┌─ Material provided
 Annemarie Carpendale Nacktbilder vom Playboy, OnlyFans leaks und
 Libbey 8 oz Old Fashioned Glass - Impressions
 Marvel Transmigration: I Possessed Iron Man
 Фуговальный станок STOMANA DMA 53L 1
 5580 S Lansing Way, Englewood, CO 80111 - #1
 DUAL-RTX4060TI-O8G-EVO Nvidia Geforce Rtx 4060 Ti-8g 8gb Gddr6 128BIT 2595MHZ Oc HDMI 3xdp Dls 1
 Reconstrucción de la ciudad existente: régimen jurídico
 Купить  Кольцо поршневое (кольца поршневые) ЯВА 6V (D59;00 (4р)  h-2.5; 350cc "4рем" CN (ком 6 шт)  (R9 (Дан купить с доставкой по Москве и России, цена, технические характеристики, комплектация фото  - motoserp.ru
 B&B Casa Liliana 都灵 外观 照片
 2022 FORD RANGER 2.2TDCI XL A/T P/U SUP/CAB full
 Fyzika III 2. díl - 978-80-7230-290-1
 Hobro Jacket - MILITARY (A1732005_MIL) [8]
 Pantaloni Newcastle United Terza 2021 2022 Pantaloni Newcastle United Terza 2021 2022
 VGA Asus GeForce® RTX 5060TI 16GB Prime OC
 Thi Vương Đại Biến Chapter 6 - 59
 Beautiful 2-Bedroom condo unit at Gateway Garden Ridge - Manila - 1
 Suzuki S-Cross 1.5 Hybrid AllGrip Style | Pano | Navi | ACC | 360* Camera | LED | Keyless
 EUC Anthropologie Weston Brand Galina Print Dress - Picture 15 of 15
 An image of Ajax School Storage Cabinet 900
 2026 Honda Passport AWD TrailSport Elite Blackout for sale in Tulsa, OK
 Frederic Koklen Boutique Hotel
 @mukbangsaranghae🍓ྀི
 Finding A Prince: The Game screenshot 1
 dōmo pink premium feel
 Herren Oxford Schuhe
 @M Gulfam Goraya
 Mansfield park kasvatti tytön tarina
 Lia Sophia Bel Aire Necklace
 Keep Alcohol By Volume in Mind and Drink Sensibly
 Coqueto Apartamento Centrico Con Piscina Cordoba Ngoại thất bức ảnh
└─
◆ Work request: Above are the records; copy all of them exactly.

◆ Answer to the problem:
 Annemarie Carpendale Nacktbilder vom Playboy, OnlyFans leaks und
 Libbey 8 oz Old Fashioned Glass - Impressions
 Marvel Transmigration: I Possessed Iron Man
 Фуговальный станок STOMANA DMA 53L 1
 5580 S Lansing Way, Englewood, CO 80111 - #1
 DUAL-RTX4060TI-O8G-EVO Nvidia Geforce Rtx 4060 Ti-8g 8gb Gddr6 128BIT 2595MHZ Oc HDMI 3xdp Dls 1
 Reconstrucción de la ciudad existente: régimen jurídico
 Купить  Кольцо поршневое (кольца поршневые) ЯВА 6V (D59;00 (4р)  h-2.5; 350cc "4рем" CN (ком 6 шт)  (R9 (Дан купить с доставкой по Москве и России, цена, технические характеристики, комплектация фото  - motoserp.ru
 B&B Casa Liliana 都灵 外观 照片
 2022 FORD RANGER 2.2TDCI XL A/T P/U SUP/CAB full
 Fyzika III 2. díl - 978-80-7230-290-1
 Hobro Jacket - MILITARY (A1732005_MIL) [8]
 Pantaloni Newcastle United Terza 2021 2022 Pantaloni Newcastle United Terza 2021 2022
 VGA Asus GeForce® RTX 5060TI 16GB Prime OC
 Thi Vương Đại Biến Chapter 6 - 59
 Beautiful 2-Bedroom condo unit at Gateway Garden Ridge - Manila - 1
 Suzuki S-Cross 1.5 Hybrid AllGrip Style | Pano | Navi | ACC | 360* Camera | LED | Keyless
 EUC Anthropologie Weston Brand Galina Print Dress - Picture 15 of 15
 An image of Ajax School Storage Cabinet 900
 2026 Honda Passport AWD TrailSport Elite Blackout for sale in Tulsa, OK
 Frederic Koklen Boutique Hotel
 @mukbangsaranghae🍓ྀི
 Finding A Prince: The Game screenshot 1
 dōmo pink premium feel
 Herren Oxford Schuhe
 @M Gulfam Goraya
 Mansfield park kasvatti tytön tarina
 Lia Sophia Bel Aire Necklace
 Keep Alcohol By Volume in Mind and Drink Sensibly
 Coqueto Apartamento Centrico Con Piscina Cordoba Ngoại thất bức ảnh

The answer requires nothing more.